MATERIAL FOR THIS EXERCISE —

Segment Open

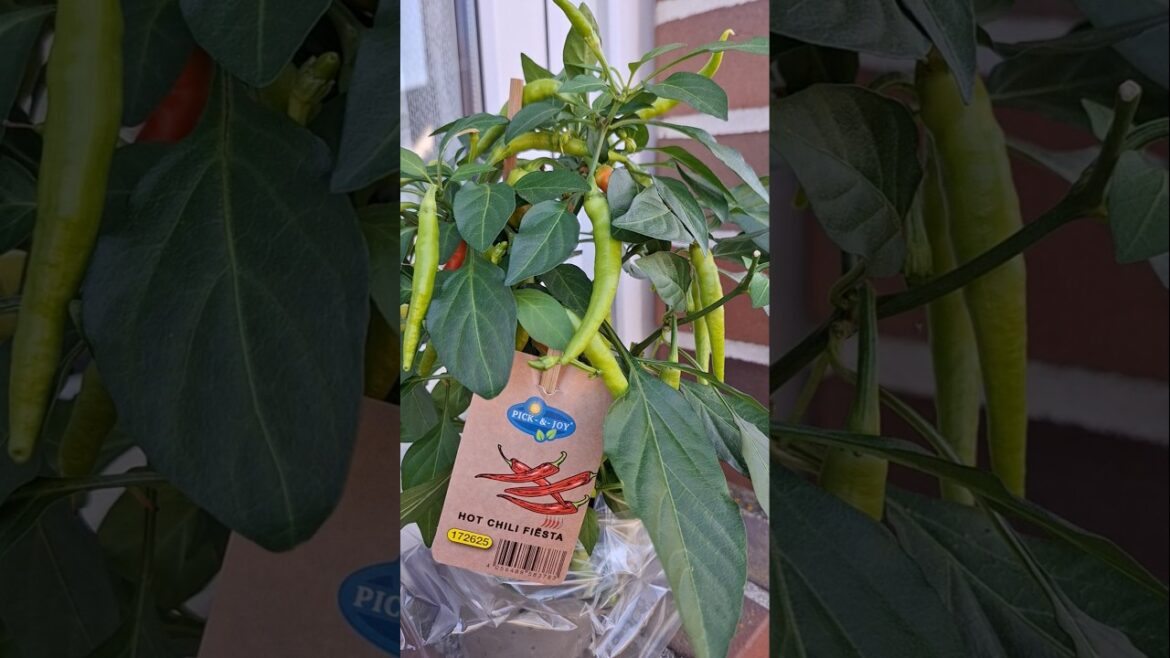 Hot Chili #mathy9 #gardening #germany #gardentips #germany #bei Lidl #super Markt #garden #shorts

Segment Closed
Segment Open

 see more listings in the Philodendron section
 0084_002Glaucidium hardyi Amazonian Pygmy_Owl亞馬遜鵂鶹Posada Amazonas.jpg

Segment Closed

WORK REQUEST — Give again exactly, and only, the lines above starting at the one with "see more listings" and ending at the one with "0084_002Glaucidium hardyi Amazonian".

ANSWER —
 see more listings in the Philodendron section
 0084_002Glaucidium hardyi Amazonian Pygmy_Owl亞馬遜鵂鶹Posada Amazonas.jpg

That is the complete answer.